Data excerpts section start

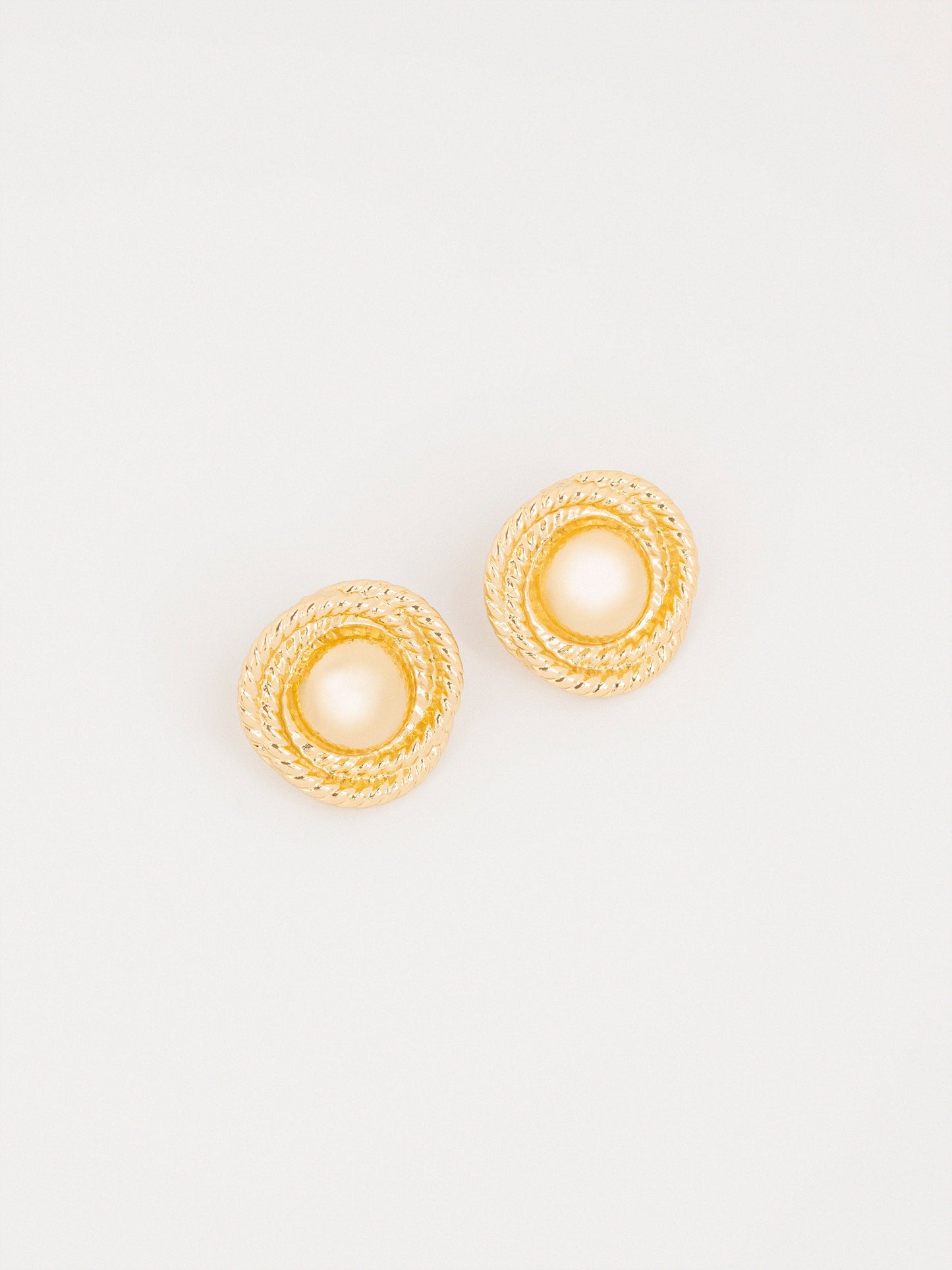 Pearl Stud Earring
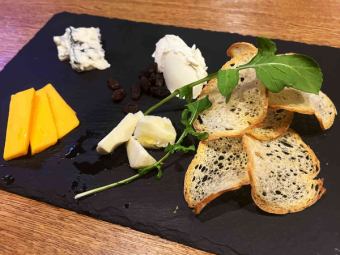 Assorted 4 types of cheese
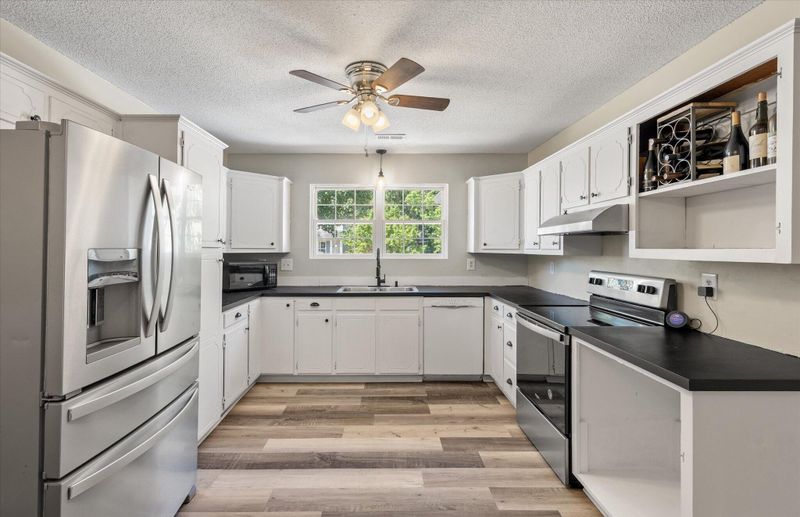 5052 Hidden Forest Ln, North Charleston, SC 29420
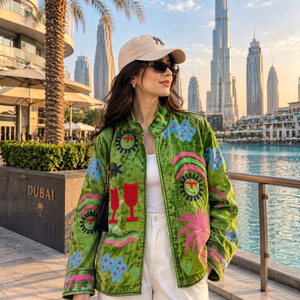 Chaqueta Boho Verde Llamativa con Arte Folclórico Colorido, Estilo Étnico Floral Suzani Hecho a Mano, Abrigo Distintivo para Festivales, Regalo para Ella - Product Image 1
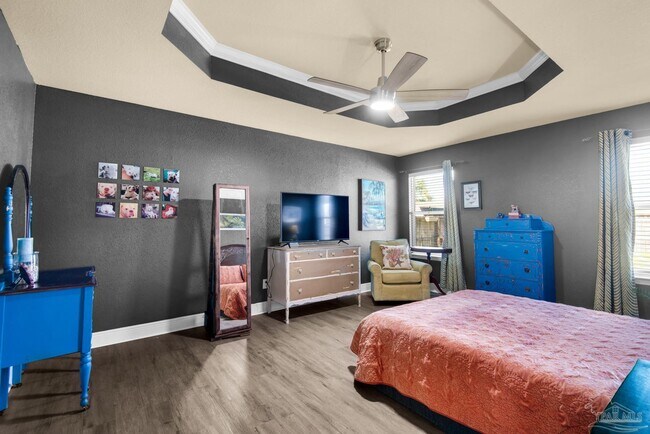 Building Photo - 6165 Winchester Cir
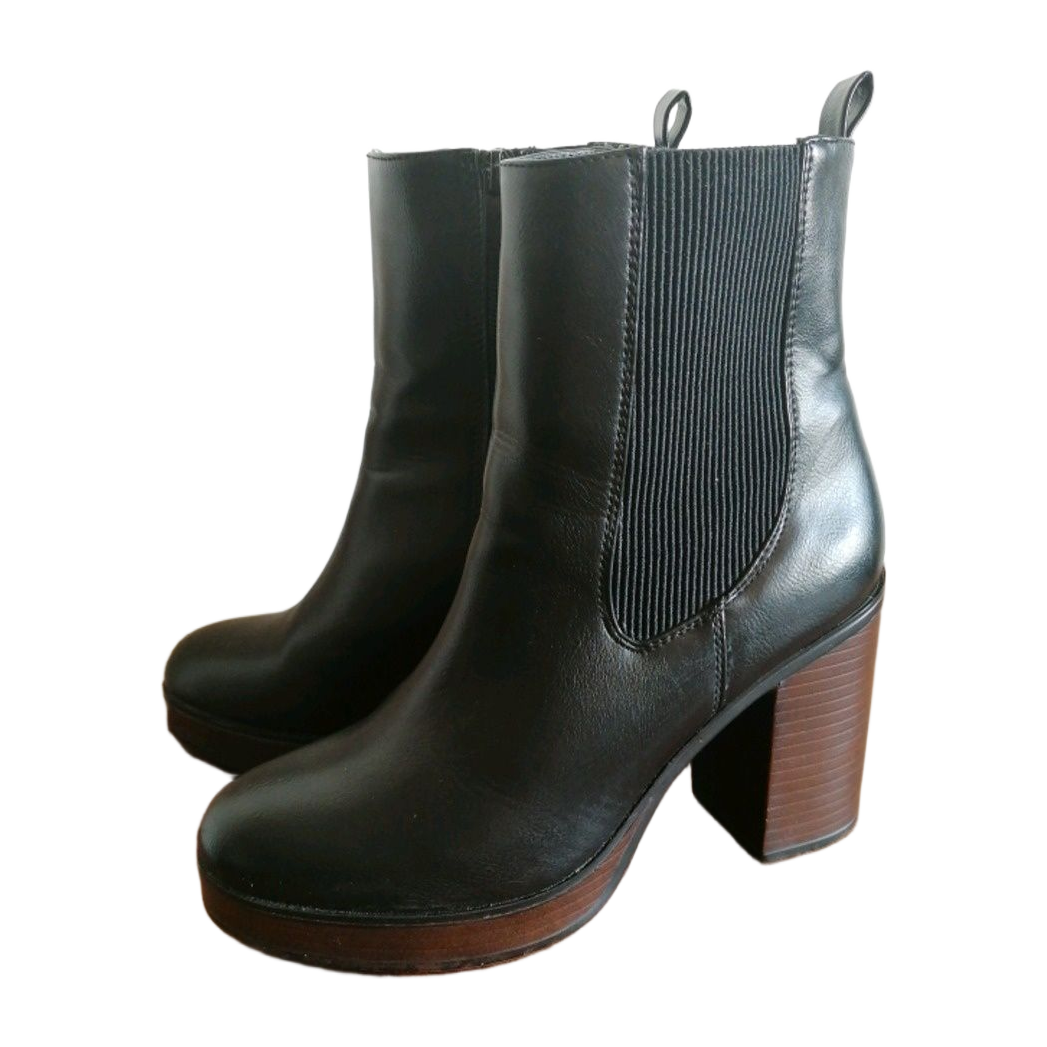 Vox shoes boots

Data excerpts section end

§ **Problem requirements**:
When repeating the material above, keep every line exact and drop all pictures.

§ **Written reply**:
 Pearl Stud Earring
 Assorted 4 types of cheese
 5052 Hidden Forest Ln, North Charleston, SC 29420
 Chaqueta Boho Verde Llamativa con Arte Folclórico Colorido, Estilo Étnico Floral Suzani Hecho a Mano, Abrigo Distintivo para Festivales, Regalo para Ella - Product Image 1
 Building Photo - 6165 Winchester Cir
 Vox shoes boots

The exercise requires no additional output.